"Would you quit playing?"
Saya gak menerima respon kalimat dari mulut Jasmine, responnya hanya berupa tatapan nanar, sambil melonggarkan genggaman tangan yang sedari tadi terselip diantara jemari kami. Saya gak ngerti, apa yang menyebabkan perubahan suasana hatinya seketika, tapi kalau itu karena kalimat saya barusan. Jujur, saya lebih sakit dari Jasmine. Kalau menurutnya kalimat yang baru saja saya ucapkan itu memberatkan hatinya, jujur waktu yang saya lalui kemarin-kemarin lebih berat dibanding dengan apa yang Jasmine rasakan.
"Would you quit playing?" Saya mengulangi kalimat yang baru saja saya ucapkan sepersekian detik lalu.
Jasmine bukan orang bodoh yang tidak mengerti arti kalimat saya barusan. Jasmine jelas tau apa yang saya maksud.
"Jo...kalau maksud kamu soal Nata. Sorry im so sorry that i've hurt you so many times and it causes him. Maafin aku soal ingatan ku yang balik"
"Aku sama sekali gak salahin ingatan kamu yang balik. Aku cuma mau kamu stop playing, aku cuma minta kamu cuma liat aku aja. Tanpa ada embel-embel Nata disitu"
Mungkin, Jasmine berpikir selama ini saya baik-baik saja. Tapi, jelas saya tidak. Siapa yang bisa biasa aja kalau pacarnya berinteraksi dengan mantannya sendiri dengan intens terlebih lagi mantannya adalah sahabat saya, terlebih lagi mantannya adalah yang Jasmine tidak bisa lupakan sebelumnya.
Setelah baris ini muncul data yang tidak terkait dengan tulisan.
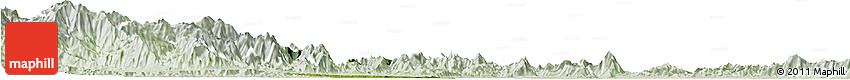 Satellite Horizon Map of Tran Yen, lighten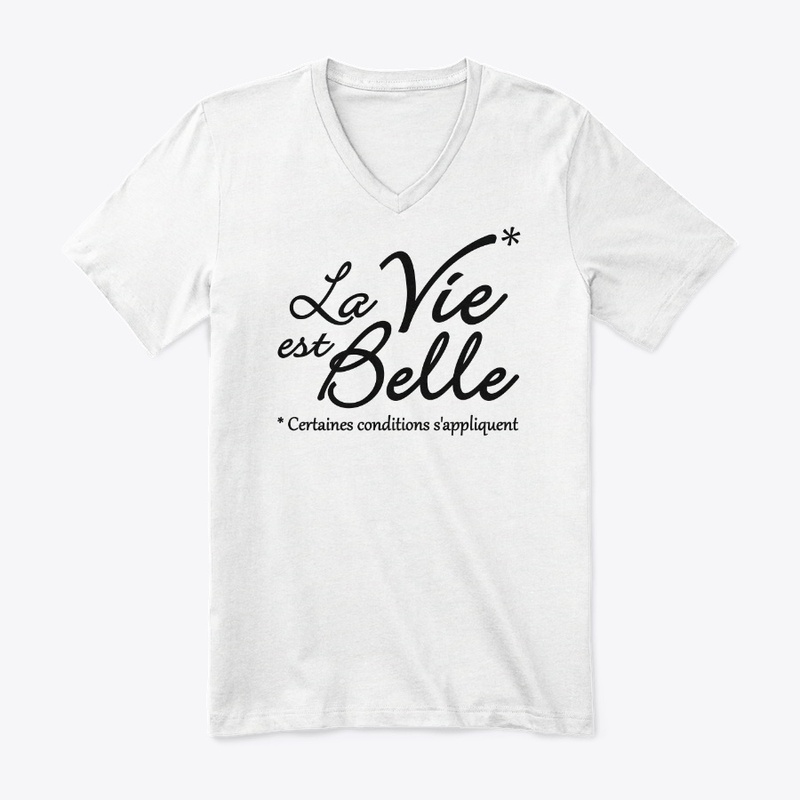 La vie est belle, mais ...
Mungkin, dikala lalu saya fine-fine aja dengan segala kegiatan yang mereka lakukan eventhough itu di depan saya ataupun di belakang. Sebenarnya saya memberikan waktu tersebut karena bermaksud untuk memberi Jasmine spare waktu untuk benar-benar melepaskan, Nata. Dengan tidak memaksa tentunya, pemaksaan bukan cara saya. Dan saya kira sudah cukup waktu yang saya berikan, Jasmine bukan anak kecil lagi, sayapun begitu.
Bukan karena saya memberi sekat diantara mereka setelah ini. Tapi, bukan dosakan mempertahankan ruang saya di hati Jasmine, agar terus bisa mempunyai prosentase lebih tinggi dibanding laki-laki lain.
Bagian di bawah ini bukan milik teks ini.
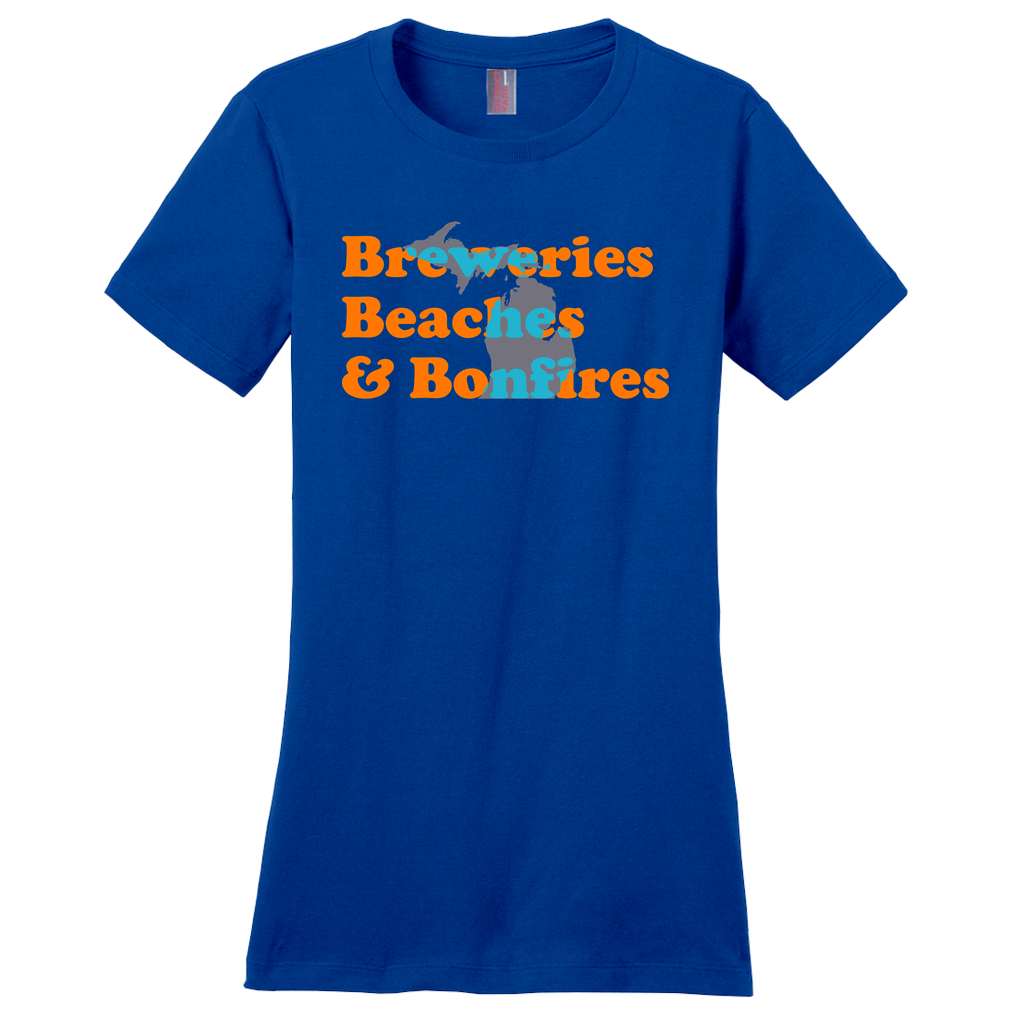 Breweries Beaches & Bonfires - Women's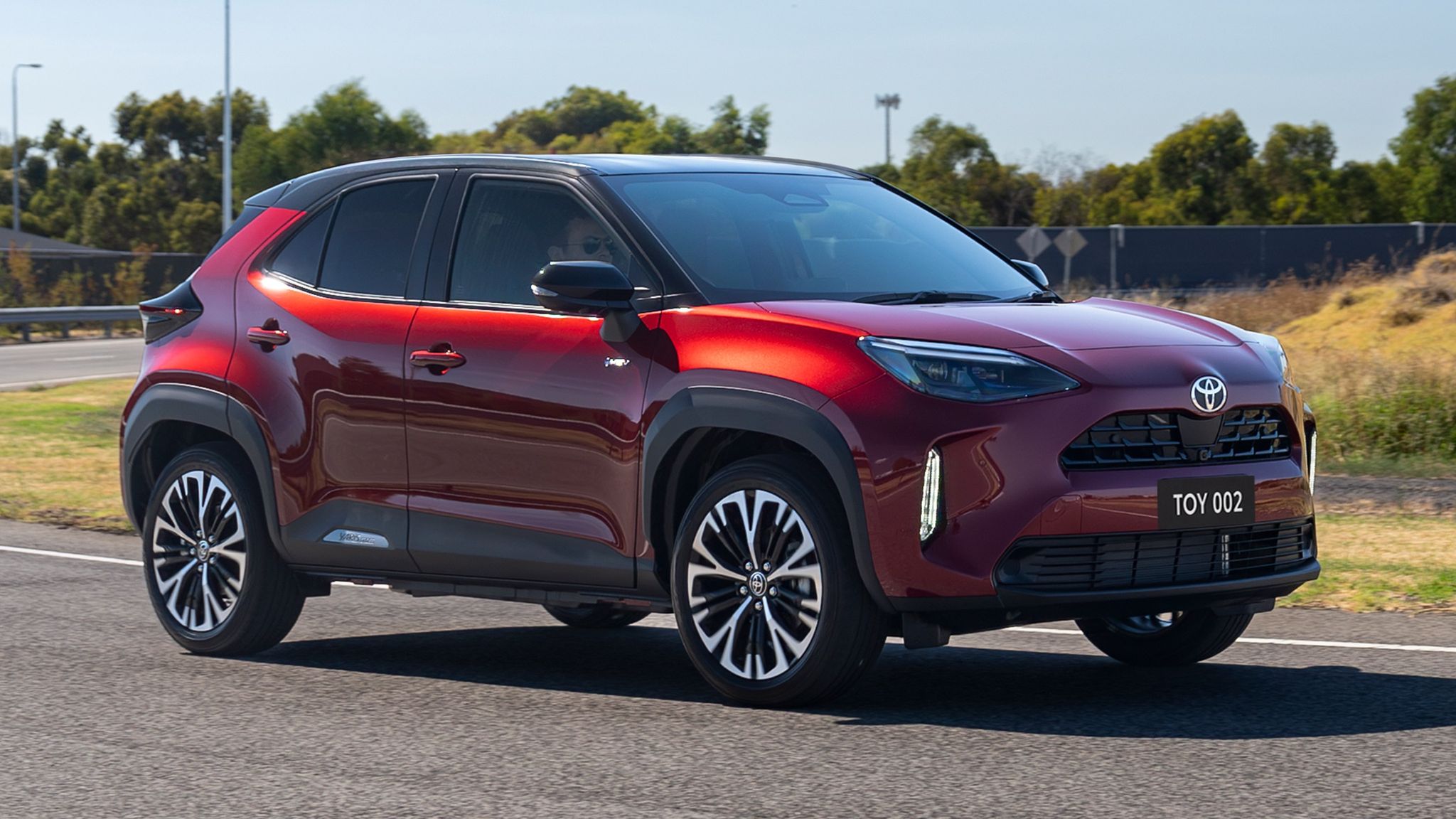 2025 Toyota Yaris Cross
Kami masih berdiri diantara ruang tengah dan dapur apartemen Jasmine. Seharusnya malam ini adalah malam yang sangat romantis, karena kami baru saja akan merayakan makan malam valentine yang sempat tertunda karena kesibukan masing-masing. Tapi siapa sangka kalau ini berubah jadi malam yang serius dan dingin, karena kami berdua sama-sama bertarung dengan ego, lewat kalimat saya yang terucap sepersekian menit lalu.
"Jo...kalau ini soal Nata. Jelas itu soal ingatan aku yang balik"
"Aku udah bilang is not about your recall. Ini soal kamu dan ego kamu"
"Aku pikir kamu percaya sama aku"
"I do, always. Tapi, aku gak percaya Nata, aku gak percaya kalian akan jadi sekedar teman atau mantan kalau kamu gak quit this game, Ne"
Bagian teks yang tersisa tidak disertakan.